Compute & Tessellation Performance

As we mentioned in our look at the new Forceware 260 driver set, the drivers provided by NVIDIA for our testing of the GTS 450 have a broken OpenCL component, so we had to cut our compute benchmarking short by dropping our OpenCL benchmark. Furthermore our pre-release version of Badaboom with Fermi support doesn’t work either, so that also was dropped. What we offer instead is a much more abbreviated look at the GTS 450’s compute performance.

As was the case with GF104, GF106 is a superscalar design. With 2 warp schedulers, only 2 banks of 16 CUDA cores per SM can be put in use unless NVIDIA’s hardware can extract a degree of instruction level parallelism from the resulting code. As a result all of these GF104-derrived GPUs have a wider range of compute performance than what we’re used to. At the best case scenario of being able to extract ILP every clock, we achieve peak theoretical performance. The worst case scenario is 2/3rds that performance.

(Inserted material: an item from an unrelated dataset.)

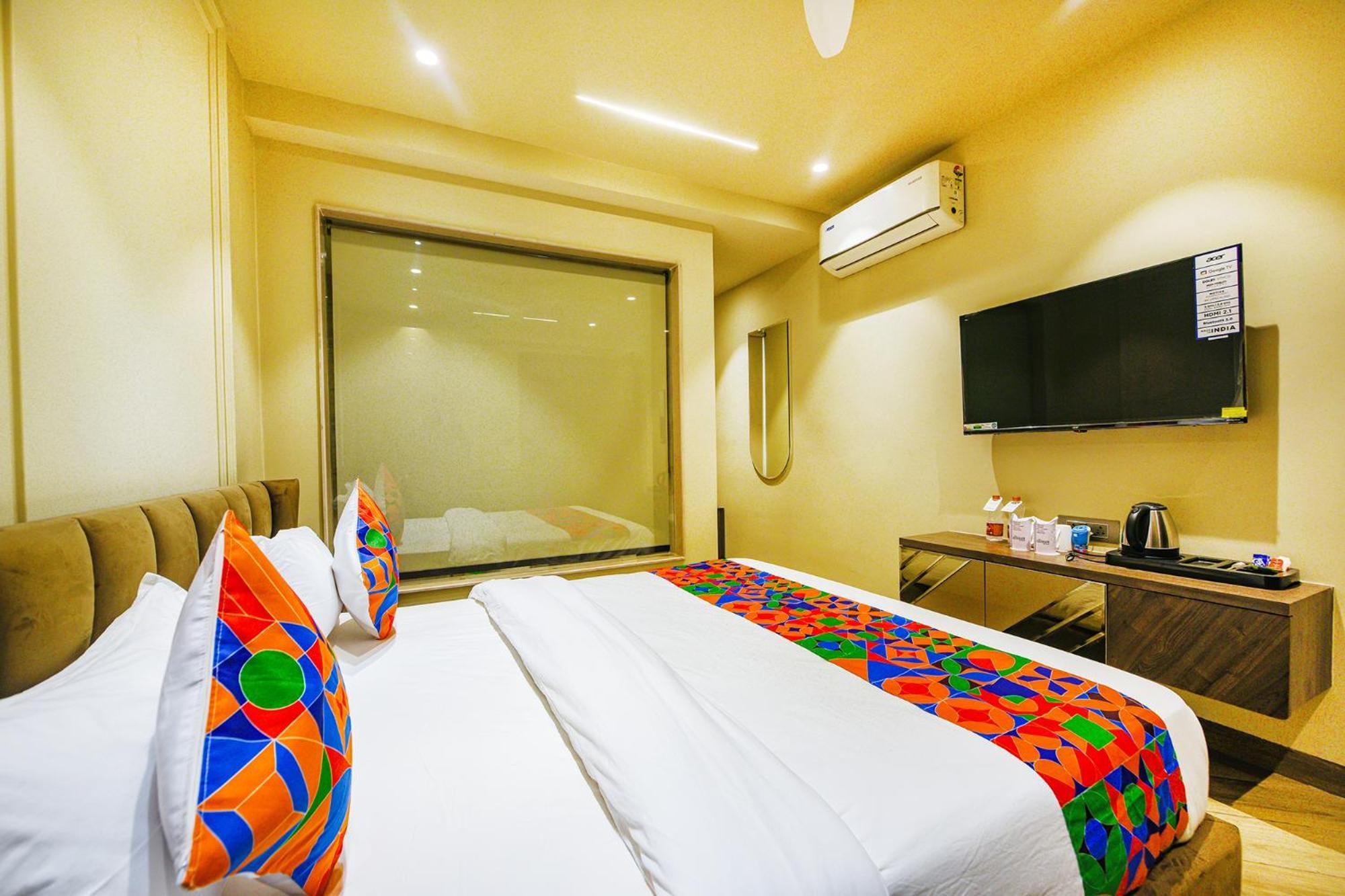 דלהי Fabhotel Prime Qotel Janakpuri מראה חיצוני תמונה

So the GTS 450 can perform between a 192 CUDA core and 128 CUDA core card depending on the application in use.

For our look at computing performance we once again have the CUDA version of Folding @ Home. Using the Lambda work unit, we run a short benchmark that extrapolates the number of nodes per day the card would be able to process. All things considered the GTS 450 does quite well here compared to the rest of the Fermi family thanks to its high clock speed. It may only have around 57% as many CUDA cores as the GTX 460, but the higher clockspeed means that it’s just shy of 70% of the performance. Furthermore we’ve already established that this benchmark isn’t L2 cache or memory bandwidth limited, so even though the GTS 450 isn’t using a “full” GF106 chip here, it isn’t penalized for the limitation.

Our other benchmark is a quick look at tessellation. With the DirectX 11 Detail Tessellation sample program, we’re primarily looking at whether we can throw a high enough tessellation load at the GPU to overwhelm its tessellation abilities and bring it to its knees. In this case we cannot, as the GTS 450 scales from tessellation factor 7 to tessellation factor 11 by only a little below the rate of the GTX 480 and GTX 460, achieving 63% of its performance at factor 11 . This means that the GTS 460 should still has plenty of tessellation power for even this demanding sample, but of course this is heavily dependent on how much tessellation is used by future games.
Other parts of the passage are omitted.